Thursday, October 27th 2011, 10:13AM
by Jenny Ruth
Bollard left his official cash rate (OCR) unchanged at its record low 2.50% “for now.”
Dominick Stephens, chief economist at Westpac, says although Bollard acknowledged the weakness in recent inflation and growth data and declining business confidence, he didn't change his stance.
“There was no overt change in how the Reserve Bank sees the outlook for the economy or monetary policy,” Stephens says.
“The market's read that as the Reserve Bank saying: I see the weaker data but I'm not going to change my plan,” he says.
The New Zealand dollar spiked up about 0.6 US cents and both shorter and longer-dated interest rates rose about four basis points in reaction.
Stephens says a significant omission in Bollard's statement was that he didn't mention the strength of the domestic currency.
Robin Clements at UBS New Zealand says the market had been pushing the likely timing of Bollard hiking too far.

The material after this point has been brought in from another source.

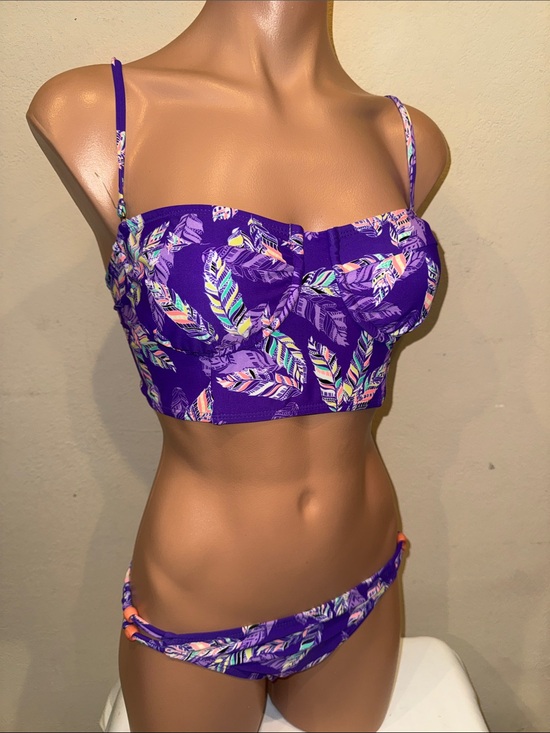 Hobie Other - NWT Hobie bikini set size M underwire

Clements is still officially expecting a rate hike in December and thinks it will be March at the latest.
Nick Tuffley, chief economist at ASB Bank, says the market reaction should be seen in the context of data this month showing weaker than expected inflation both here and in Australia.
New Zealand inflation rose just 0.4% in the September quarter, nearly half the 0.7% expected by both the market and the Reserve Bank, and Australian underlying inflation in the quarter was just 0.3% compared with market expectations of 0.6%.
Bollard said he sees New Zealand's annual underlying inflation rate settling at 2%, the middle of his zero to 3% target. He says Bollard still does have a bias towards raising rates and if the impact on the New Zealand economy from the worsening situation in Europe is mild, then he expects the central bank will raise the OCR in March.